People like me, who cherish old videotapes of Maggie Smith in Bed Among the Lentils, Patricia Routledge in Lady of Letters and Alan Bennett himself in A Chip in the Sugar, may approach the Brisbane version with some trepidation.

But I was overjoyed to find Brad Ashwood, Bronwen Doherty, and especially Dale Murison, who had the unenviable task of not being Maggie Smith, all succeeding admirably.

Director Simone de Haas wisely decided to let Bennett's incomparable prose create the characters, rather than asking her actors to create their own versions, and the result is as sad and moving a trio as you could wish.

Brad Ashwood is the middle-aged single man who finds to his disgust that his elderly mother has taken up with an old boyfriend, who wants to push him out of the family home. Ashwood gets the tone so expertly that we want to stand up and cheer him when he wins his petty victory, even while we despise him for his lack of backbone.

Dale Murison is the vicar's alcoholic wife, who has an affair with the beautiful young Indian proprietor of the off-licence in the next suburb. This is the funniest and the saddest sketch of them all, because the context is spelt out more fully - the smug clerical husband, the patronizing bishop, and the dreadful parish groupies who form the vicar's fan club.
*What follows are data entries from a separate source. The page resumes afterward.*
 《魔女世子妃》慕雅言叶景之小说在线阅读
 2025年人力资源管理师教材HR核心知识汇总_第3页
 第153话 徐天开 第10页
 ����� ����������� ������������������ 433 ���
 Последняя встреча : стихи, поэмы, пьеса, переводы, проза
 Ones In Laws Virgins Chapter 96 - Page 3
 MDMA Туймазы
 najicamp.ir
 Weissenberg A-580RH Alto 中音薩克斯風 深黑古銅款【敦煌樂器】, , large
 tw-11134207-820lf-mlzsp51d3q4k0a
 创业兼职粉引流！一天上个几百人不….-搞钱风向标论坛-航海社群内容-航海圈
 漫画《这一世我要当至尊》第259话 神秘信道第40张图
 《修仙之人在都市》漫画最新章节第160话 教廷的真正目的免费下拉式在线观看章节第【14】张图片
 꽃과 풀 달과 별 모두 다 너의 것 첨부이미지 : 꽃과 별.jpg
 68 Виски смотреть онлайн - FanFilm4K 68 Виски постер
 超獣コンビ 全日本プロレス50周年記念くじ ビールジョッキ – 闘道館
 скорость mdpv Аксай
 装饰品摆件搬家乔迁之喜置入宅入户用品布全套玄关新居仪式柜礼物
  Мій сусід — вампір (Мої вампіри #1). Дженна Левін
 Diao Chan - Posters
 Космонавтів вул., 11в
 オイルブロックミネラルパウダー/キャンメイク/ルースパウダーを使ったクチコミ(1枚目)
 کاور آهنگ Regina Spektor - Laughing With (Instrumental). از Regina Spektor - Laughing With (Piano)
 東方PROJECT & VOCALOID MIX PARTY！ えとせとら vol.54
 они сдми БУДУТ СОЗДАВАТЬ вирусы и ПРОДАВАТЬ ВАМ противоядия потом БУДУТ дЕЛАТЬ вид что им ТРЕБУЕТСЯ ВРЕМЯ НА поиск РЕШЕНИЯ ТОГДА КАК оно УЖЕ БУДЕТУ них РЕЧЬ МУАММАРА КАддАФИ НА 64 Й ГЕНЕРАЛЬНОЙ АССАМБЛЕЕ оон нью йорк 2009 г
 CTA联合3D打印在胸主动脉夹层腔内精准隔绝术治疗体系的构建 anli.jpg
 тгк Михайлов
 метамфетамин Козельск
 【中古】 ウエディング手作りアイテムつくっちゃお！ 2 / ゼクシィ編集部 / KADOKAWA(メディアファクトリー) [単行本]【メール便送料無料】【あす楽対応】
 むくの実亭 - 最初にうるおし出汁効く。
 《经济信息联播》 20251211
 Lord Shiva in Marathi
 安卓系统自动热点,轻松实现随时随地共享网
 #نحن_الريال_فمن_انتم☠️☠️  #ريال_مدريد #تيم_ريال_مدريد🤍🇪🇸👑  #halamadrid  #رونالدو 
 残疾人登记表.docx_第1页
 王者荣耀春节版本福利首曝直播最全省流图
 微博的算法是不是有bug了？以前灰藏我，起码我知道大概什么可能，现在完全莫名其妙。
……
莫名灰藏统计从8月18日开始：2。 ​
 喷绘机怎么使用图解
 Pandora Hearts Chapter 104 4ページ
There are the seeds of real tragedy here, as she is finally belittled and destroyed, and Dale Murison shows how well she can transcend the dippy-professional-wife syndrome in which she's been trapped lately.

As Irene, the nosy neighbour from hell who persecutes her neighbours with endless letters and complaints, Bronwen Doherty has the happiest and most ironic ending of all, for she is sent to prison where she acquires new skills and the chance of a new life, and it's good to see this role played just as effectively by a woman much younger than Patricia Routledge.

With Mixed Company, you always know what you're getting - solid productions of good middle-of-the-road plays, strong production values, and actors who are totally in control of their material.

They push no boundaries and try nothing tricky, but I promise that you'll find a night at Talking Heads infinitely satisfying.